Intel’s presentation made it clear that one of the single most critical constraints facing Sandy Bridge was configurability. A single design team needed to create several different products spanning notebooks, desktops and single socket servers. From a macro physical standpoint, each product varies the number of cores (2, 4), size of the L3 cache (3MB, 4MB, 8MB) and number of shaders in the GPU (6, 12). Products are further differentiated via simultaneous multi-threading, peak frequency in turbo mode – although these do not impact the overall design substantially.

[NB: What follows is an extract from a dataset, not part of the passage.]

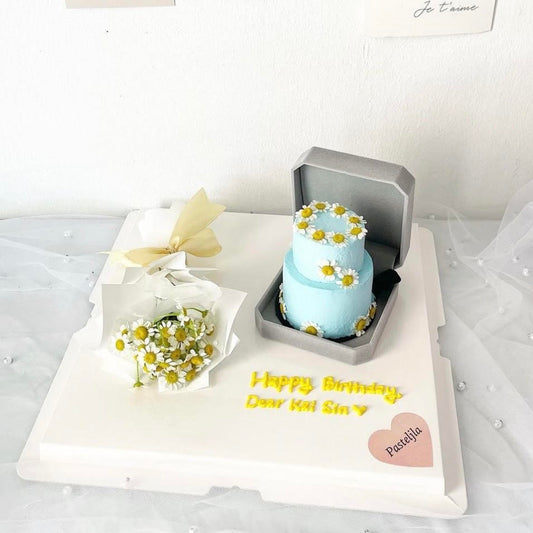 Two Tier Chamomile Ring Cake with Chamomile Bouquet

This configurability dictated the 32B ring interconnect topology (with 4-6 stops) used in Sandy Bridge. The system agent, GPU and each core and slice of the L3 cache is a single ring stop. It is very simple to add or remove stops on a ring. A ring with 10 stops looks very similar to one with 4 stops from a functionality standpoint, although performance is noticeably different. This means that substantially less validation is needed for each different product.
The downside is that moving cache lines across a ring can be expensive. The farther a cache line travels, the greater latency and the lower the overall bandwidth available. For example, a 64B cache line that crosses 4 hops would consume a total of 256B of interconnect bandwidth and take 5 cycles; a 2 hop trip would consume only 128B and take 3 cycles. In contrast, all trips on a 32B crossbar are a single hop, so sending a cache line would consume 64B and take 2 cycles. However, crossbars use substantially more area because every agent on a cross bar must be fully wired to all other agents. In Intel’s case, the big problem is that a crossbar for 6 agents is very different design from a crossbar for 4 agents and would require entirely separate design and validation. This is an example of Intel specifically choosing a simpler and less expensive option, rather than aiming for the highest possible performance.

Figure 1 – Sandy Bridge Die Photo and Chop Options
There are three versions of Sandy Bridge: 4 cores, 8MB L3 and 12 EUs; 2 cores, 4MB L3 and 12 EUs; 2 cores, 3MB and 6 EUs. Respectively, these three versions are 216mm2, 149mm2 and 131mm2. Figure 1 is a die photo of the quad-core with the various chop axes labeled. It is interesting to note that the 4C version actually wastes around 8mm2 in the upper right corner, while there is barely any wasted area in the dual core versions. Obviously, Intel is far more concerned about the die size of the high volume dual-core products, than the quad-core versions.
Looking at the key macroblocks shows an interesting break down of the area in the quad-core Sandy Bridge. The 4 CPU cores and their private L2 caches occupy 74mm2. The L3 cache and the bulk of the ring interconnect (which is on the same power plane as the cores) is 43mm2. The fully featured 12 shader GPU (called GT2) takes up 38mm2. The defeatured version (GT1) is about 55% of the size of the GT2 block. Some of the logic in the GPU, such as the ring stop (nearly 2mm2) and fixed function hardware cannot be removed in tandem with the shaders. The 18mm2 system agent includes the rest of the digital logic, including the DDR3 memory controller, a 20-lane PCI-E gen2 controller, the power management unit and display engines. Lastly, the physical layer interfaces for DDR and I/O comprise 12mm2 and 31mm2, respectively. The I/O block on the right side also includes a fair bit of on-die debug logic, but for the most part the physical layers are analog and mixed signal used for PCI-E and Display Port.
These statistics show Sandy Bridge spends twice as much area on the CPU cores as the GPU. In contrast, AMD seems to spend equal or more area on their integrated GPUs. Nearly a 30-40% of AMD’s Bobcat and Llano are taken up by the GPUs, while Intel has only allocated around 15-25%. This goes a long way to highlight where Intel and AMD have respectively placed emphasis in their designs and why AMD will undoubtedly offer better graphics performance. In future generations though, we expect to see Intel spending relatively more die area on their GPUs, perhaps closer to 25-35%.